A long running debate in Jordan has centered on the issue of whether teachers should be allowed to establish a professional union. The minister of Education, Khaled Toukan, yesterday flatly rejected
the idea. He cited the rejection of the higher council for interpreting the constitution, which said that public employees have no right under the constitution to form professional unions. Toukan also articulated an adamant rejection of politicizing the teaching process.
On the other hand, several teacher activists have written
a memo to the prime minister, asking for his permission to establish such a union. In the memo, they cited a designation letter from the late King Hussein to Abdulkarim Kabariti, where he expressed a desire for the establishment of a teachers union, and the Jordanian constitution which allows Jordanians to meet and form societies and unions. The exact wording of clause ii of article
16 states that "Jordanians are entitled to establish societies and political parties provided that the objects of such societies and parties are lawful, their methods peaceful, and their by-laws not contrary to the provisions of the Constitution."
Setting aside the constitutional debate
about the subject, the ramifications of the establishment of such a union would at best be benign and at worst devastating. Toukan referred to the politicization that would probably occur if this union is established. I totally agree. To be more specific, a small organized group of Muslim Brotherhood members would end up controlling the union, in a manner similar to what has happened in most of the other professional unions. While the façade is democratic, in reality a small fraction of the membership actually organized enough to impose their will over the apathetic majority. This week about 2200 members of the engineers union elected
their leader, who is an Islamist. 85 voted for his opponent, which leaves 57000 out of the total 59000
engineers who didn't bother to vote. While the process is technically democratic, it is unreasonable to assume that such elections produce representative leaders.
So, one might ask what is the problem with the teachers having such a union. The answer is also derived from the behavior of the existing unions. For example, unions have been intimidating members
and threatening to expel them if they decide to "normalize" with Israel. While most people are against normalization, especially in the current political climate, the fact of the matter is that it is legal for people to go to Israel and contact Israelis. It is peoples' right, whether they choose to practice it or not. So, threatening to expel people (and thus threatening their livelihood) is an illegal deprivation of a person's right. The (weak) rationalle is that the general councils of the unions, composed of all the members, have passed resolutions against normalization. The general councils, who show up when there are elections, are only a fraction of the total union membership. Moreover, they are not a legislative body that has the authority to deprive people of one of their rights.

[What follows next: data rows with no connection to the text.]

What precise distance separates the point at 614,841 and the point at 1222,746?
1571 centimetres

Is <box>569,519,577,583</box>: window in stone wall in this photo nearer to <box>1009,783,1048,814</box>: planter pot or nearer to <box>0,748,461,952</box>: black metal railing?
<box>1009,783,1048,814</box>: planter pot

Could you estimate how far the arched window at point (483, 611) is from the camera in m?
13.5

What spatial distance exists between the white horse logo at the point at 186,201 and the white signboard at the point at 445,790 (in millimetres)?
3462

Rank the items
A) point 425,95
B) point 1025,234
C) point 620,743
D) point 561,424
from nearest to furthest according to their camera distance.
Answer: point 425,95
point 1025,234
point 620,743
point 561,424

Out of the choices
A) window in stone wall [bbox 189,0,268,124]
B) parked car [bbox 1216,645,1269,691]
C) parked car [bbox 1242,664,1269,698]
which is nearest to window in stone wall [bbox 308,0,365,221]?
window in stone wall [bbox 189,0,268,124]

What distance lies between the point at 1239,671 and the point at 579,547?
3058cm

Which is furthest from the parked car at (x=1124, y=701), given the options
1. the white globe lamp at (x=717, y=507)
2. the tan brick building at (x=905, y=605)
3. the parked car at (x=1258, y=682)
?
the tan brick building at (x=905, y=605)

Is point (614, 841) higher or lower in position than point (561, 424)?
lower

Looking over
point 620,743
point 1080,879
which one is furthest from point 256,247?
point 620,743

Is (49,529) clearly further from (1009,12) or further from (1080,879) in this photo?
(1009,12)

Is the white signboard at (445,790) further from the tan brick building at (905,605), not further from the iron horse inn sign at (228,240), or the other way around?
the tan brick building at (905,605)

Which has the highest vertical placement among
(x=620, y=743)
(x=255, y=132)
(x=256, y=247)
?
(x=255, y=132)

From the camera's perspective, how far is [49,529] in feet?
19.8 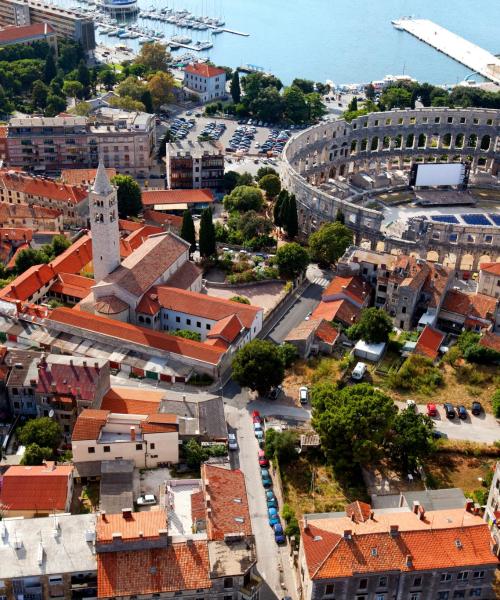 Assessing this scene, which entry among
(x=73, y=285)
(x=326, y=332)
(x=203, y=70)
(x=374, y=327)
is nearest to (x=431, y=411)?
(x=374, y=327)

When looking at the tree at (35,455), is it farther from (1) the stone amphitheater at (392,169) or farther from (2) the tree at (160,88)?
(2) the tree at (160,88)

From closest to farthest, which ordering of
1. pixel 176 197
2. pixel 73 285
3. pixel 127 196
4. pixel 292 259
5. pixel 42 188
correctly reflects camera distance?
pixel 73 285, pixel 292 259, pixel 42 188, pixel 127 196, pixel 176 197

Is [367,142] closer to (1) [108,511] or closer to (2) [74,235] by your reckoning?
(2) [74,235]

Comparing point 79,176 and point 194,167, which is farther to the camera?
point 194,167

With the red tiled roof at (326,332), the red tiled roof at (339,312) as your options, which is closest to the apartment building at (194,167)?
the red tiled roof at (339,312)

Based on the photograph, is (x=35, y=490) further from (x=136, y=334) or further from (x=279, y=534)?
(x=136, y=334)

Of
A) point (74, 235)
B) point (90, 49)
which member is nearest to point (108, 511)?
point (74, 235)

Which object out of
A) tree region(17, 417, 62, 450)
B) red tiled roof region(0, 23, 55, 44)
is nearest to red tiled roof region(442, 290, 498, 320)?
tree region(17, 417, 62, 450) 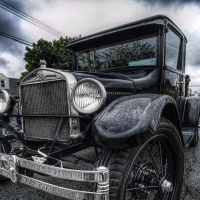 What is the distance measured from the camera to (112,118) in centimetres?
125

Thus, if one were to picture a teachers union, what would happen if the general council decided not to teach "unacceptable" parts of the curriculum? The modern curriculum places a lot of emphasis on religious tolerance and civil rights. Having a group openly opposed
to the Jordanian state and its welfare representing teachers, who are entrusted with sowing positive attitudes into the consciousness of new generations, is indeed a scary thought.
The only positive aspect that can come from an organization for teachers is a demand to improve their living conditions. Teachers are painfully underpaid for their efforts, and I would hope that the government can find a way to compensate them without the need for an organized movement. Such a movement will ultimately be harmful to all involved.